Aunque parezca mentira no soy una persona optimista (los que me conocen lo sufren día a día). Me cuesta ver la parte positiva de las cosas. Pero cuando te levantas y hace un día de cielo azul intenso y sol radiante es más fácil ver el lado amable.

Incluso si te has levantado a las 5.30h de la mañana para currar y tus alumnos te han dado plantón, piensas "pues yo he visto amanecer, hale". O cuando decides ir a desayunar un muffin y ves que el garito no abre hasta las 11h, piensas, "pues así me voy de paseo y no me salen michelines".



Y cómo no te has comido el muffin pillas un ataque de hambre justo cuando estás en el barrio de Nonntal, junto a uno de tus Beisl favoritos. Y allí, en el ARGE Beisl, puedes comer un menú vegetariano de dos platos por 6.50 euros y estás detrás de la Mönchsberg, con lo que ves la fortaleza desde un ángulo muy especial y el sol te da en la naricilla para alegría de tus reservas de vitamina D.


Beisl, [taberna], austríaco// Gemütliche lugar de encuentro e intercambio estrechamente relacionado con el barrio donde se encuentra (por ejemplo, Nonntal) para comer (delicias nacionales e internacionales) y beber (bebidas refrescantes y reconfortantes), conversar y pasarlo bien, observar a otras personas y ser observado. (definición del propio ARGE Beisl)



Un menú lleno de betacaroteno: sopa de zanahoria y jengibre (picante, deliciosa), calabacines rebozados con hierbas, ensalada mixta y salsa de cebollino.

En días así, hasta el más cenizo "mira el lado luminoso de la vida". Disfrutando de la mañana libre, haciendo fotos, pensando en los proyectos de este otoño y en uno de los barrios más bonitos de Salzburgo, Nonntal, el lado soleado de la ciudad.

¡Salud!

lunes, 16 de julio de 2007

El restaurante de la fortaleza

Una de las cosas que hice casi cuando llegué aquí fue suscribirme al periódico local, el Salzburger Nachrichten. Creo que fue una buena idea, no sólo puedes leer el periódico a primera hora de la mañana en pijama y con un café, sino que siempre regalan vales y descuentos para eventos varios y otros temas de ocio.

Esta vez teníamos un vale de "dos por uno" para un menú degustación en el restaurante que hay en lo alto de la fortaleza. La fortaleza Hohensalzburg es un edificio medieval muy bonito y desde allá se puede disfrutar de una de las panorámicas más impresionantes de la ciudad.



El sábado fuimos a aprovechar el vale y nos preparamos para una cenita romántica en la terraza del restaurante.

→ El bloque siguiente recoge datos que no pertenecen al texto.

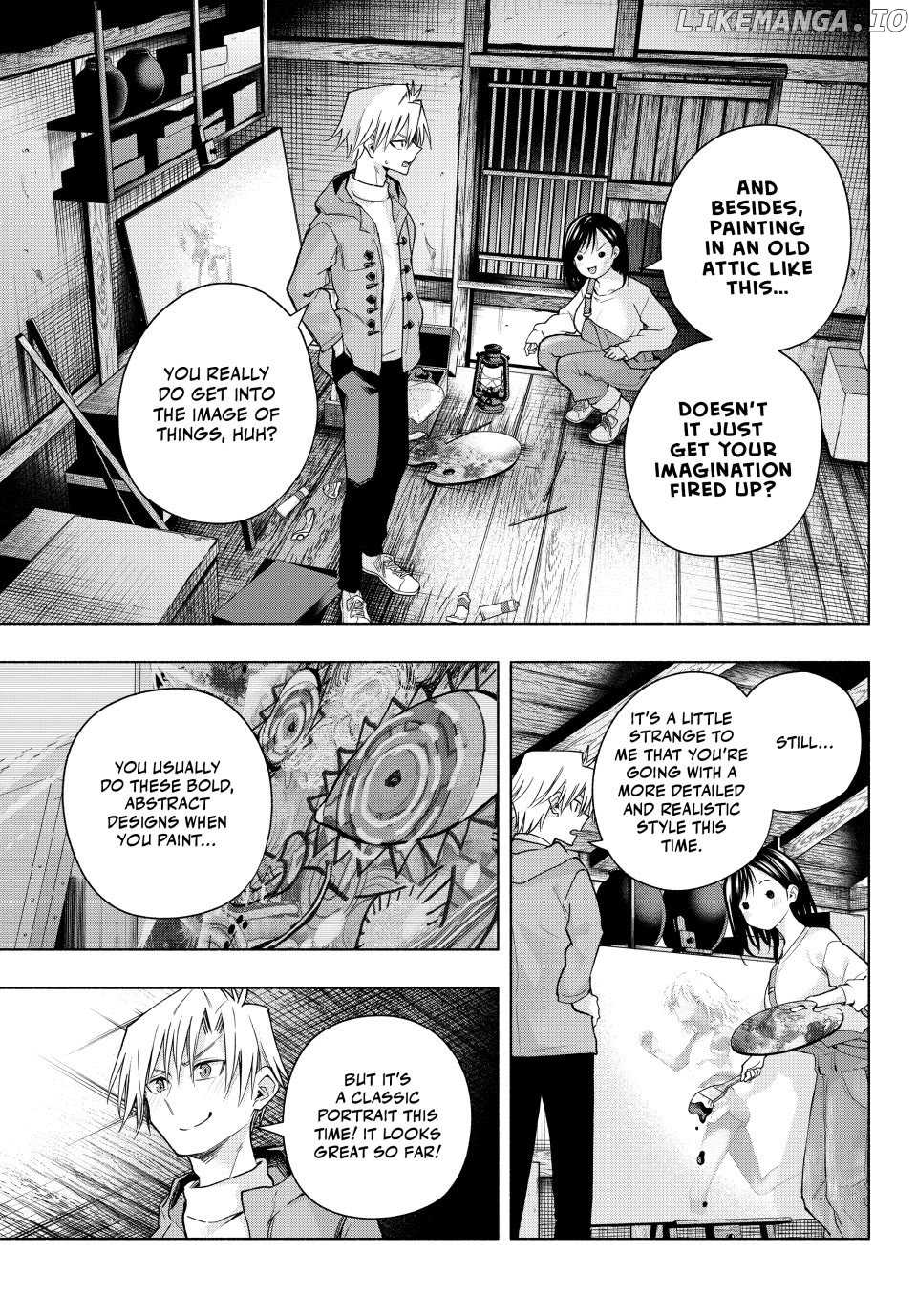 Amagami-San Chi No Enmusubi Chapter 139 - page 9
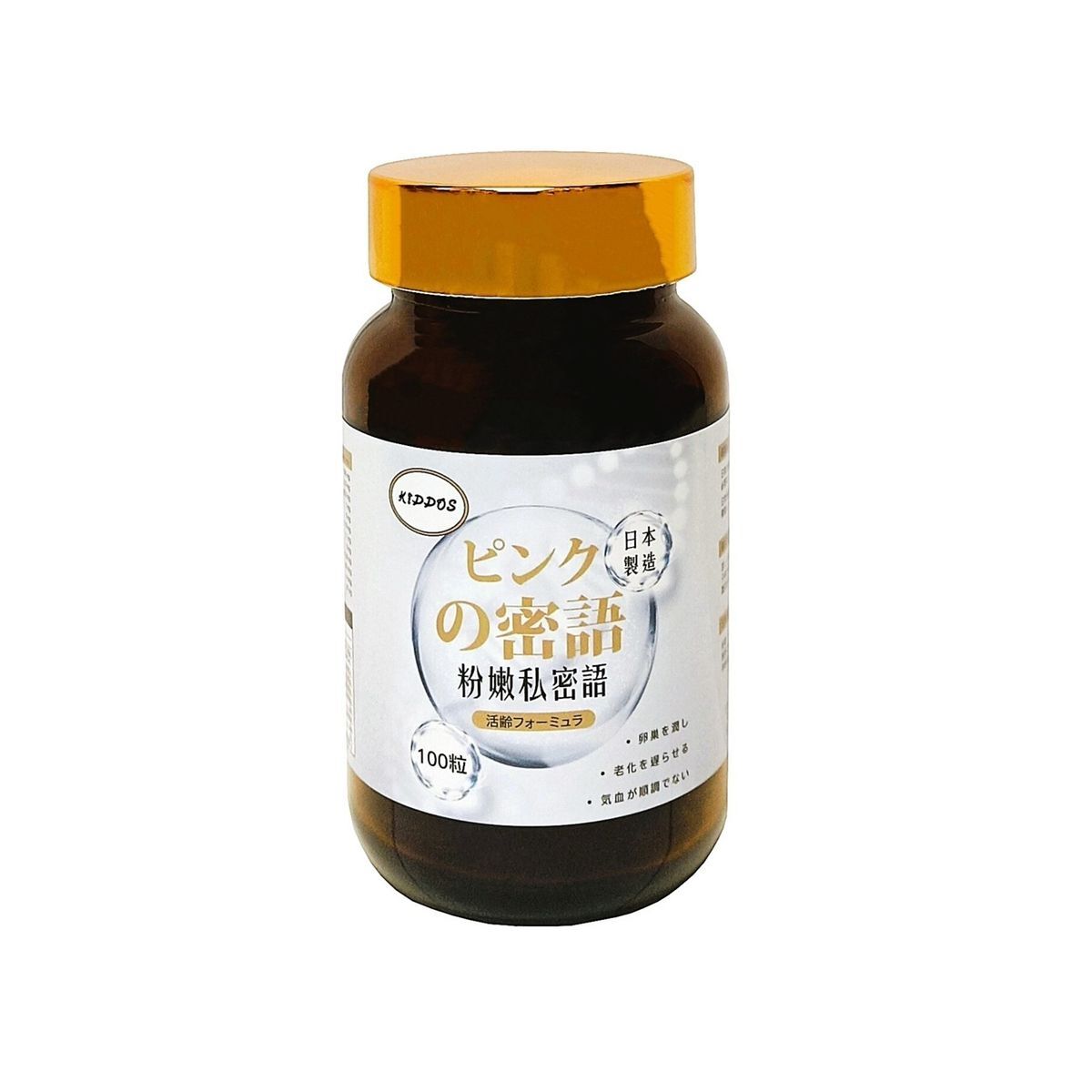#N/A - Kippos - 粉嫩私密語 女士配方 100粒裝 (平行進口)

Todo comenzó muy bien, la mesa estaba puesta de manera que podía satisfacer todas mis manías tipo Bree Van de Kamp: una vista fantástica, una rosa roja que nos daba la bienvenida y una puesta de sol maravillosa...



Pedimos el vino y el menú. Primero, nos trajeron unos aperitivos. Unos gnocchi rellenos con Eierschwammel (setas) salteadas que estaban riquísimos y después un tartar de pato que parecía un paté.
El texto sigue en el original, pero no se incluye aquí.